As tempting as it is to reduce coverage amounts, an accident to one's vehicle may result in larger monetary losses. Due to this fall in demand, it is common practice for insurers to compete for low rates in attempts to gain new customers and prevent existing customers from switching to another insurer. Although this scenario does not apply in provinces of BC, QC, SK and MB.
Life Insurance
Clients generally prioritize life insurance over home and auto insurance due to high consideration of personal wellbeing, so life insurers may not experience a similar drastic decrease in customers. Historically, a spike in life insurance sales during recessions take place. Moreover, the life insurance industry is among the safest industries during such crisis.
While insurance providers are able to change their premium rate before a final agreement, these rates remain static regardless of an economic downturn, and customers are thus able to avoid climbing rates.
While insurers might not want to raise premiums to cause clients to switch to a competitor, interest rates can still increase which ultimately ends up affecting policyholders.
Dealing With Challenges
Recessions are inevitable in every economy, but its effects can be reduced by anticipating the challenges beforehand. Here are some ways people can protect themselves from damage or loss, while also saving money on insurance.
Find Appropriate Coverage
With a vast number of insurance providers, there are consequently many different plans that may be adjusted to fit both lifestyle and budget. Speak with an insurance broker to find the best coverage for you.
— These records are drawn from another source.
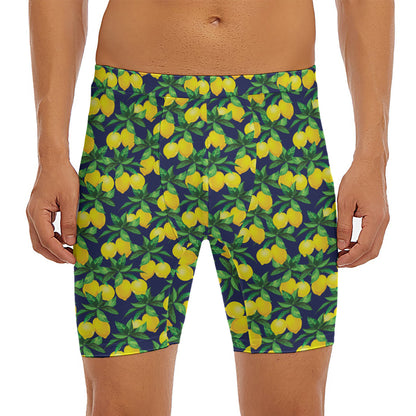 Tropical Lemon Pattern Print Men's Long Boxer Briefs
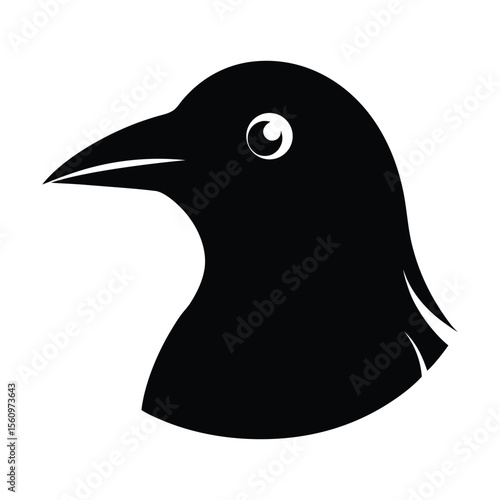 Oriole bird head vibrant pattern silhouette vector illustration.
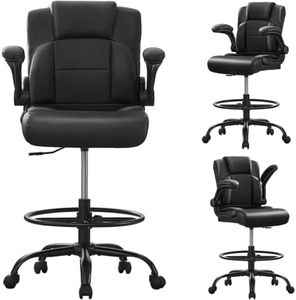 500lbs Drafting Chair,Big and Tall Office Chair for Standing Desk with Wide Seat,2D Adjustable Lumbar Support,Ergonomic Office Chair with Footrest for Home,Drawing or Counter Height Use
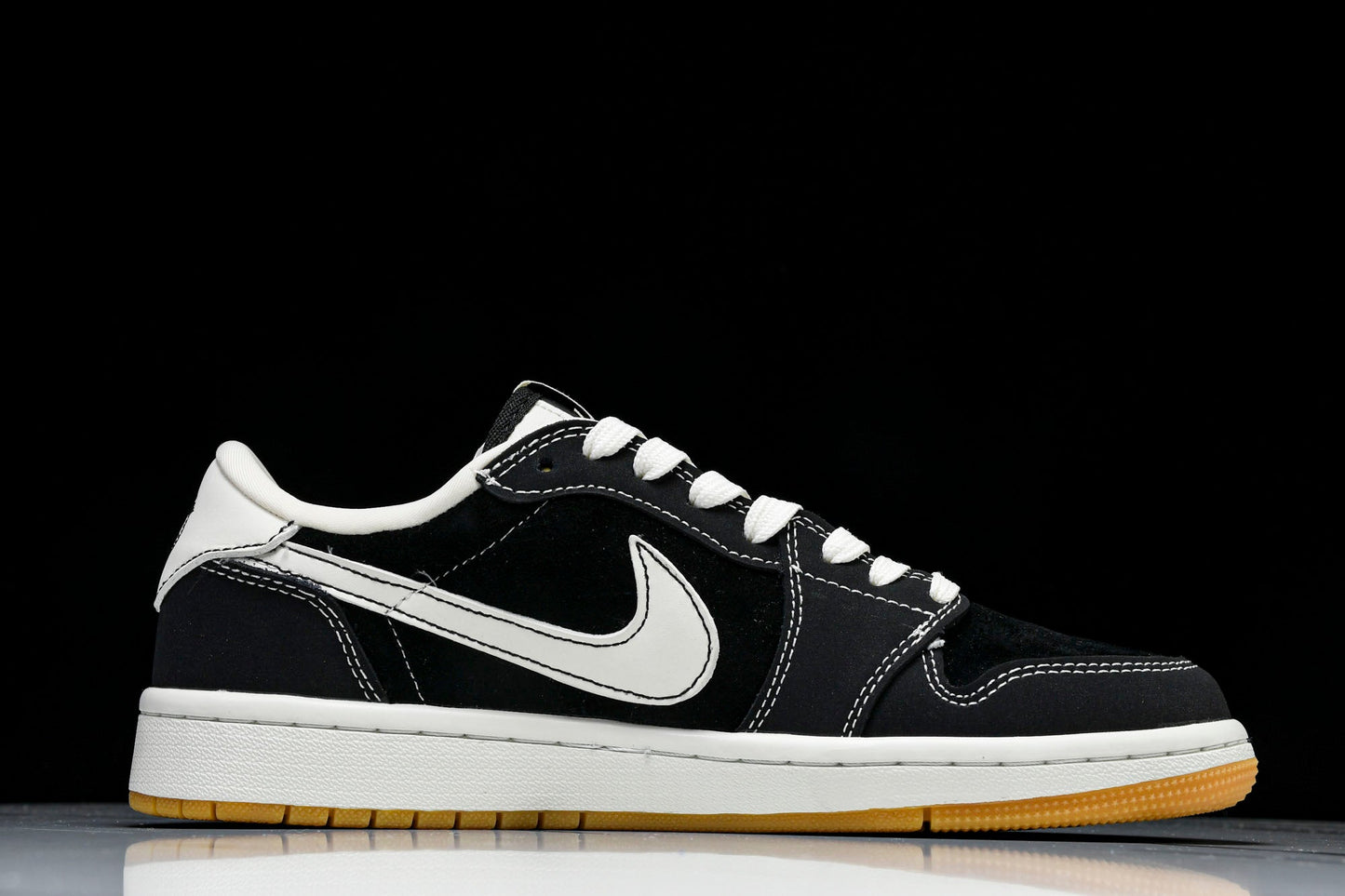 Travis Scott AJ1 Low x Stussy 'Black White Gum' (Custom) - UK 7.5 / US 8.5 / EU 42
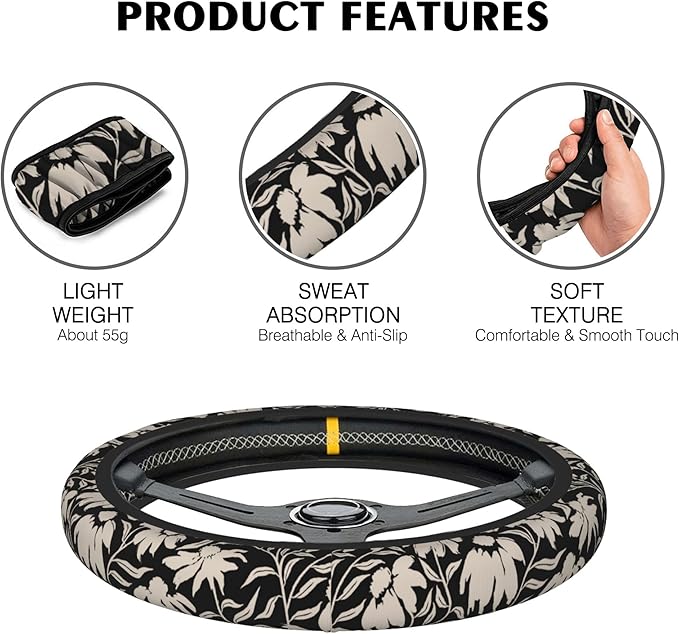 Abstract Flower Steering Wheel Cover, Elastic Non-Slip Steering Wheel Protector,Auto Interior Decor for Women Girls,Universal 15" Fit for Sedans,Trucks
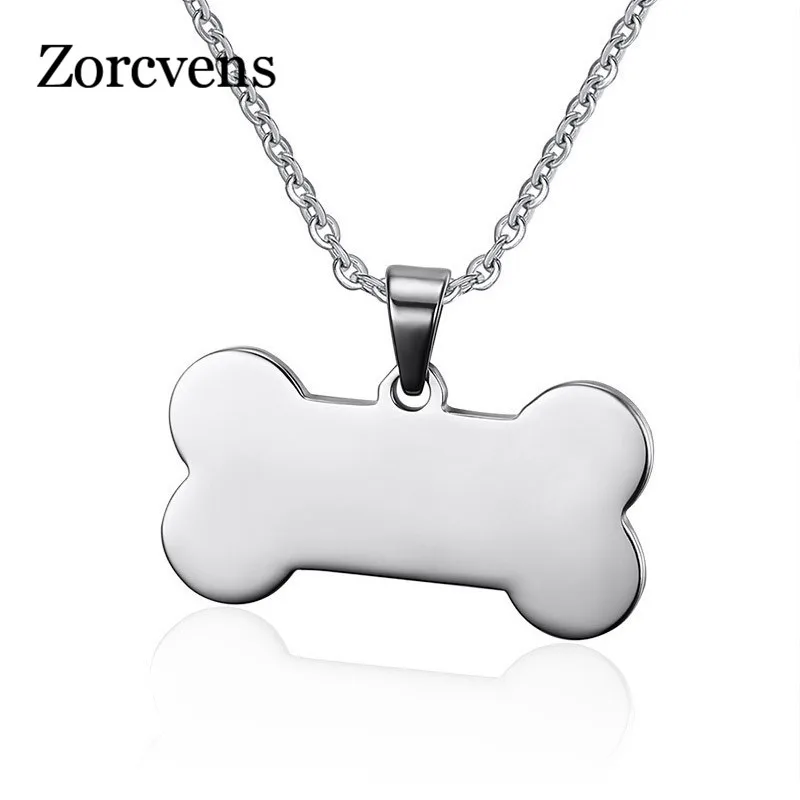 ZORCVENS Bone Shaped Pendant Necklace Stainless Steel Dog Tag Necklace Dotes On Pet Love Jewelry 1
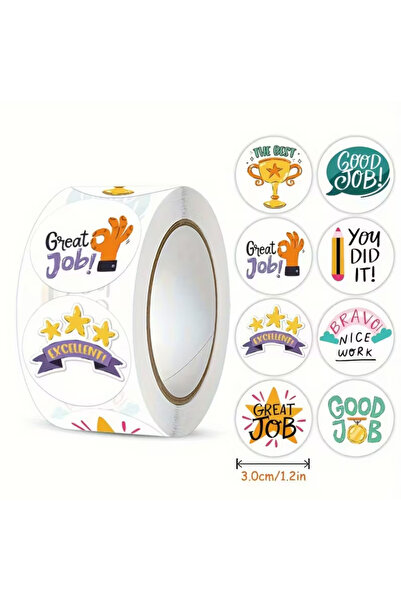 BABUN Öğretmenler İçin Pratik 500 Adet İngilizce Yuvarlak Başarı Motivasyon S...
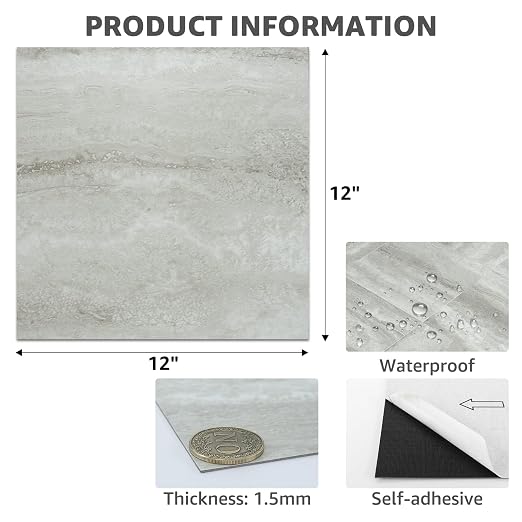 Art3dwallpanels Peel and Stick Floor Tile 30-Pack 12x12 inch Beige Marble | Self Adhesive, Waterproof Vinyl Flooring, Marble Pattern, for Kitchen, Dining Room, Bedrooms, Cover 30 Sq. Ft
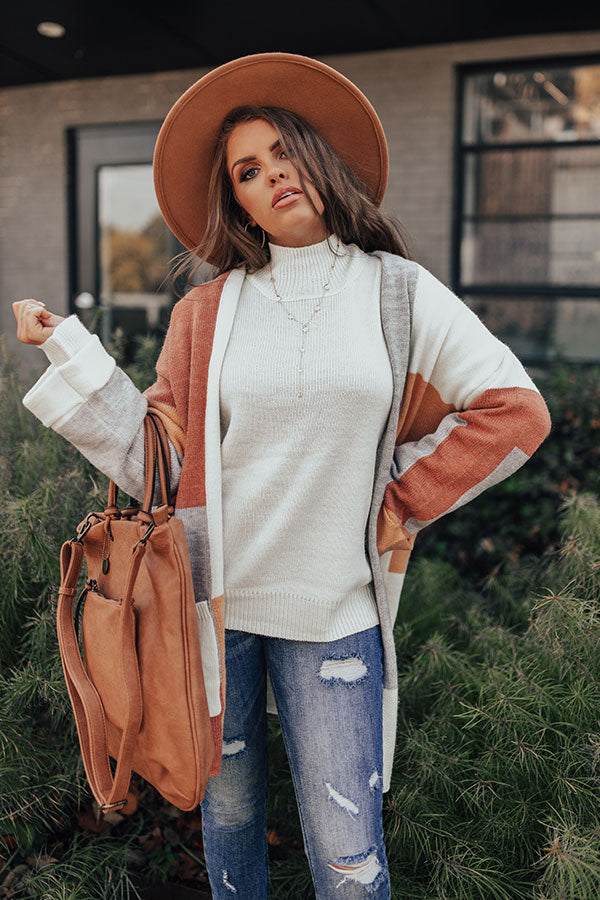 Cozy Cove Colorblock Cardigan In Rust Image - 1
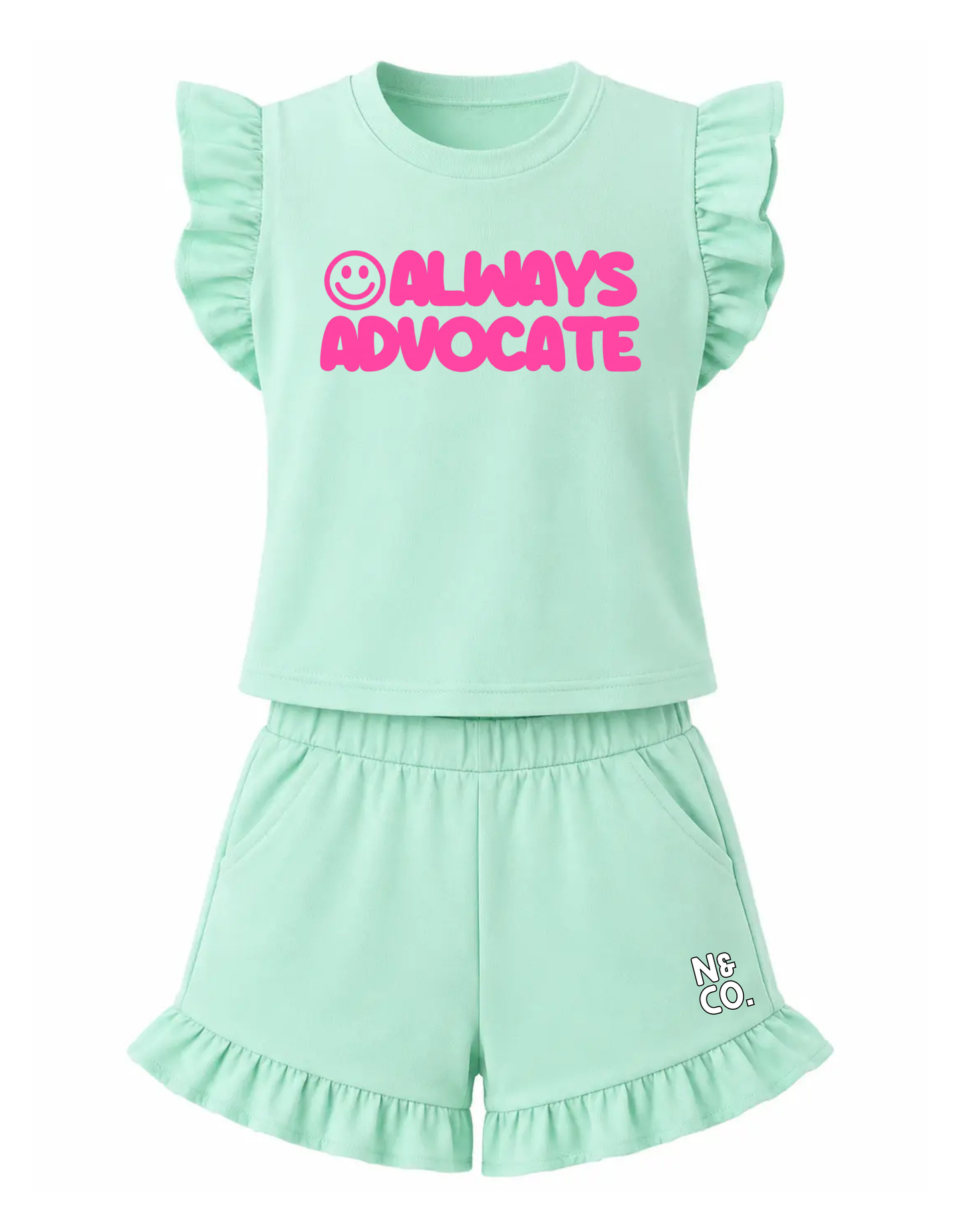 Kids Frill "Always Advocate" T-Shirt/Shorts Set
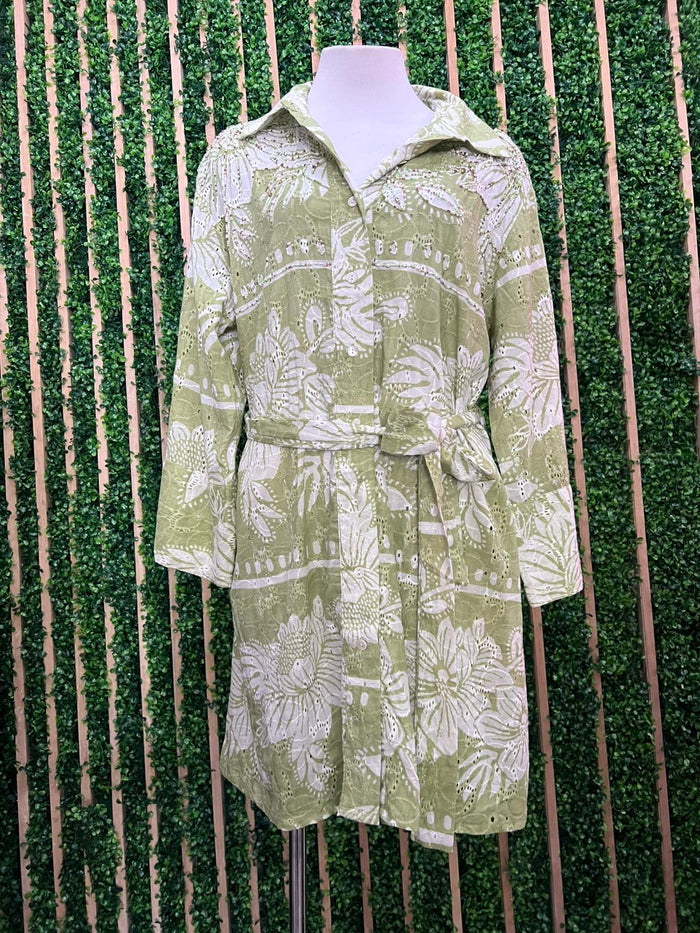 Italy Embroidered Eyelet Mix Blouse Dress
Strengthen Emergency Savings
Reduced salaries and layoffs due to job cuts are a usual occurrence during recessions. Therefore, it is imperative that sufficient sums of money are put towards potential emergencies during times of financial stability. It may be of great benefit for one to expand their options and seek other sources of income to put towards a safety net, while limiting unnecessary purchases.
Focus on Debt Repayment
In times of financial strain, it can be difficult to pay off every debt, so it may be wise to focus on repaying the debts that can negatively affect your credit score if non-payment or late payment occurs. It is important for one to pay their mortgage or rent to avoid eviction or foreclosure, and be on top of any credit card balances (minimum payment at least), to prevent bad credit.
Do Not Over-Insure
The same way under-insurance can have consequential effects, over-insurance can result in policyholders paying amounts that exceed the property value. Overspending can significantly hinder other financial goals (i.e. down-payment, investments, tuition, etc.), and may pose a serious risk to one's financial stability.
Summary
Overall, being properly insured provides stability and a financial safety-net - even more so during an economic downturn. While premium rates may increase or decrease in a recession depending on the type of insurance, it is best to be prepared and anticipate how all aspects of the insurance industry can be impacted at periods of economic difficulty, in order to better manage one's funds. Being well-prepared for the challenges of a recession may reduce stress and anxiety, and ultimately strengthen personal and/or business wealth.